From the first line of the records through the line containing "personal care appliances in the united arab", retype every line exactly and nothing else.

Top of DATA TO EXAMINE

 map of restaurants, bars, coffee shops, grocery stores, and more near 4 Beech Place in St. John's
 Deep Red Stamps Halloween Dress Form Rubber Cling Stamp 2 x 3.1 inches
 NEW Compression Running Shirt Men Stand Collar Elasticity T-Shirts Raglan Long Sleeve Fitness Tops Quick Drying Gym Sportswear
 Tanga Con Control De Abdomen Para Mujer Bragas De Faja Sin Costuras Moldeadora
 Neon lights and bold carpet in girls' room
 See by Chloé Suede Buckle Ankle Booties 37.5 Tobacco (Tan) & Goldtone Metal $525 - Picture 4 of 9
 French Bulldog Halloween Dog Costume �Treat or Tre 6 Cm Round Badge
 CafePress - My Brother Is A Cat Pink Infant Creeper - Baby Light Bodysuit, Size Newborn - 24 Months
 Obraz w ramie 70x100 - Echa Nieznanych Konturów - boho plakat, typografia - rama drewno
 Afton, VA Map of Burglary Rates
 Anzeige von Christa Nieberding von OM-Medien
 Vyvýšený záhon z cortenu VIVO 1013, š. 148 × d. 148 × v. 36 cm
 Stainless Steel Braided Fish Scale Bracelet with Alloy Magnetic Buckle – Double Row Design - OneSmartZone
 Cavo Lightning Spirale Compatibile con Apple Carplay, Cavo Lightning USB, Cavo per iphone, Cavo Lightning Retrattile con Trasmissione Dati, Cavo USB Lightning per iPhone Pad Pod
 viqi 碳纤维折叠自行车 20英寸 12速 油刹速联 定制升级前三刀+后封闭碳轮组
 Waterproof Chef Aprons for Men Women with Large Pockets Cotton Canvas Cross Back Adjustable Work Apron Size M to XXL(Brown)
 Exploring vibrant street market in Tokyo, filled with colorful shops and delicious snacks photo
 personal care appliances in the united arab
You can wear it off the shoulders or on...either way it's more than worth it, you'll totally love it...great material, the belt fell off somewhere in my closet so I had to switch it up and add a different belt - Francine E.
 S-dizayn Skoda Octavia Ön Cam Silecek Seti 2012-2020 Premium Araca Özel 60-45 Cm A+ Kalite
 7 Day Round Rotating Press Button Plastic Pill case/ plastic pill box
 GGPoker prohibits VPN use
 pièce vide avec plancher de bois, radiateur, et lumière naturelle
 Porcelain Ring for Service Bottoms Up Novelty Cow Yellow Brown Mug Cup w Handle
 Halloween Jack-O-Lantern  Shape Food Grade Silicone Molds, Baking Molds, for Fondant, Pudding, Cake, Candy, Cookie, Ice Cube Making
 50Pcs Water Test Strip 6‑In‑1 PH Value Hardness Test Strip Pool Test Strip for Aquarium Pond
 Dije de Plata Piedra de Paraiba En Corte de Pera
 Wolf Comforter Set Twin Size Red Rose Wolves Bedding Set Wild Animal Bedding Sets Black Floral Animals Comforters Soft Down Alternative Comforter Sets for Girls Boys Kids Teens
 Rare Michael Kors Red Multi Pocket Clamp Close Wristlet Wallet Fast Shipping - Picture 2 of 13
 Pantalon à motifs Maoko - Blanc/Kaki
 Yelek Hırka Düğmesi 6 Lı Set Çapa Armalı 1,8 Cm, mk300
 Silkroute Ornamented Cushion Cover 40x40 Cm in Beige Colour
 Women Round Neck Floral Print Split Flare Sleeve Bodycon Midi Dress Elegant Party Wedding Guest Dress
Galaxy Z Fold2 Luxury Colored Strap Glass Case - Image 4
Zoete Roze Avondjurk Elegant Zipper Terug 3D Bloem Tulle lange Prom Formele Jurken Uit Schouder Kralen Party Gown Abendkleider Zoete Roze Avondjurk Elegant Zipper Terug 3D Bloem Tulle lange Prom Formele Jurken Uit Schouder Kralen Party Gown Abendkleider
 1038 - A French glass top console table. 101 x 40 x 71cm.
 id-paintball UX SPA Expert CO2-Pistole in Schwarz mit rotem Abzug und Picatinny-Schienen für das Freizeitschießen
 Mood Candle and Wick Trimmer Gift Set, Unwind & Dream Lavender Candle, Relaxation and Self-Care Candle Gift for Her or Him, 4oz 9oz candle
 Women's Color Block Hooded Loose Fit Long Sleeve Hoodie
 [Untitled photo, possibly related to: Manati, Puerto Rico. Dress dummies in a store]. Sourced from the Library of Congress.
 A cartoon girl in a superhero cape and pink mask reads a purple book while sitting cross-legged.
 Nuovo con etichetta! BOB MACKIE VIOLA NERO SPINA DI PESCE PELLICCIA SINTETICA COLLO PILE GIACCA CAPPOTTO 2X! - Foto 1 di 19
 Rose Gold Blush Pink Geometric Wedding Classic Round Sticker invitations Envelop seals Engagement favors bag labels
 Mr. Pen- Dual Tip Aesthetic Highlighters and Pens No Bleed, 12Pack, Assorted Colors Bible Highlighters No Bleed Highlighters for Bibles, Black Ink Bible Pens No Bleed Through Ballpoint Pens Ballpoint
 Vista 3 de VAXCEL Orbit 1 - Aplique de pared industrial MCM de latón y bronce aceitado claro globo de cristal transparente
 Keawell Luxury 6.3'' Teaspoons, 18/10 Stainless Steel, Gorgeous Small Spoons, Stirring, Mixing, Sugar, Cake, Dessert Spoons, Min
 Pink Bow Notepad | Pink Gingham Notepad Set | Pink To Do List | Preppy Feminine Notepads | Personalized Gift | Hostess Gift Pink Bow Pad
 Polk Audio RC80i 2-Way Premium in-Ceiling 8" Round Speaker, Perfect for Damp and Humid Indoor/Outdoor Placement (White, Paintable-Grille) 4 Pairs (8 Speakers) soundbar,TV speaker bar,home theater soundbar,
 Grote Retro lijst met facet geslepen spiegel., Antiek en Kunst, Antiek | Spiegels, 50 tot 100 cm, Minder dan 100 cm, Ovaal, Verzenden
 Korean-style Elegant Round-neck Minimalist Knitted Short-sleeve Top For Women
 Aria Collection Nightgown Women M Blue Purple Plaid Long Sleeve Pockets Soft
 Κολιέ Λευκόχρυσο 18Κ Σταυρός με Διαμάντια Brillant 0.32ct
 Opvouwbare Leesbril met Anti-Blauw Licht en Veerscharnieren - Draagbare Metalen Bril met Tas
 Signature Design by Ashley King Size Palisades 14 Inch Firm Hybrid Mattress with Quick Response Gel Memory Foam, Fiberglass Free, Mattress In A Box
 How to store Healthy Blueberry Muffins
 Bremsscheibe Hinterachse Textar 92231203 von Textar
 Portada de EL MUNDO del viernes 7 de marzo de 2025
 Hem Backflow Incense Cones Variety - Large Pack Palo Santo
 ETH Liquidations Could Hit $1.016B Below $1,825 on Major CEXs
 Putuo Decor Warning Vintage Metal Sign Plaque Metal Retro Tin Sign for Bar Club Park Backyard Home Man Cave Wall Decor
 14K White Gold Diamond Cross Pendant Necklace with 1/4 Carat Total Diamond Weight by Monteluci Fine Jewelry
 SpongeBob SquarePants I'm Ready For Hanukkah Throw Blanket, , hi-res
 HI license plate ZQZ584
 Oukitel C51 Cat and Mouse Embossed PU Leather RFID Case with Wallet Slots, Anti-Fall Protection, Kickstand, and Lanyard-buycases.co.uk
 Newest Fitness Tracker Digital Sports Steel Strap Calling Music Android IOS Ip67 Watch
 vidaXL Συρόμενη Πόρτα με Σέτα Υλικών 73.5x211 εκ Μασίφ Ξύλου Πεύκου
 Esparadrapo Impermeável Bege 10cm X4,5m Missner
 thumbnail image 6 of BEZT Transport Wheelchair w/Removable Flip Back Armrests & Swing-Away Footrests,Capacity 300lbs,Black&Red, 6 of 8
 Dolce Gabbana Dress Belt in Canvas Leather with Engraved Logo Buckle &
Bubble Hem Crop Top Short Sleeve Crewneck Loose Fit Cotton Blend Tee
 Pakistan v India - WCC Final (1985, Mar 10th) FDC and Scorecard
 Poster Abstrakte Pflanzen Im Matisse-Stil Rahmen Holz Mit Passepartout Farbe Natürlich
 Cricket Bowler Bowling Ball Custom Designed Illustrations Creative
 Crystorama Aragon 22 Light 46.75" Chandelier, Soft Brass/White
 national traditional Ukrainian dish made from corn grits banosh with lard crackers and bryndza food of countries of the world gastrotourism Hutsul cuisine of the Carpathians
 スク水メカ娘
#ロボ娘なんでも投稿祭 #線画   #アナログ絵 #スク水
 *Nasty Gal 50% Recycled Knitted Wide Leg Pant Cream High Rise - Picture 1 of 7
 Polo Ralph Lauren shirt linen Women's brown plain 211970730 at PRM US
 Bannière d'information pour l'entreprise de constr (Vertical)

Bottom of DATA TO EXAMINE

**THE COMPLETED TASK**
 map of restaurants, bars, coffee shops, grocery stores, and more near 4 Beech Place in St. John's
 Deep Red Stamps Halloween Dress Form Rubber Cling Stamp 2 x 3.1 inches
 NEW Compression Running Shirt Men Stand Collar Elasticity T-Shirts Raglan Long Sleeve Fitness Tops Quick Drying Gym Sportswear
 Tanga Con Control De Abdomen Para Mujer Bragas De Faja Sin Costuras Moldeadora
 Neon lights and bold carpet in girls' room
 See by Chloé Suede Buckle Ankle Booties 37.5 Tobacco (Tan) & Goldtone Metal $525 - Picture 4 of 9
 French Bulldog Halloween Dog Costume �Treat or Tre 6 Cm Round Badge
 CafePress - My Brother Is A Cat Pink Infant Creeper - Baby Light Bodysuit, Size Newborn - 24 Months
 Obraz w ramie 70x100 - Echa Nieznanych Konturów - boho plakat, typografia - rama drewno
 Afton, VA Map of Burglary Rates
 Anzeige von Christa Nieberding von OM-Medien
 Vyvýšený záhon z cortenu VIVO 1013, š. 148 × d. 148 × v. 36 cm
 Stainless Steel Braided Fish Scale Bracelet with Alloy Magnetic Buckle – Double Row Design - OneSmartZone
 Cavo Lightning Spirale Compatibile con Apple Carplay, Cavo Lightning USB, Cavo per iphone, Cavo Lightning Retrattile con Trasmissione Dati, Cavo USB Lightning per iPhone Pad Pod
 viqi 碳纤维折叠自行车 20英寸 12速 油刹速联 定制升级前三刀+后封闭碳轮组
 Waterproof Chef Aprons for Men Women with Large Pockets Cotton Canvas Cross Back Adjustable Work Apron Size M to XXL(Brown)
 Exploring vibrant street market in Tokyo, filled with colorful shops and delicious snacks photo
 personal care appliances in the united arab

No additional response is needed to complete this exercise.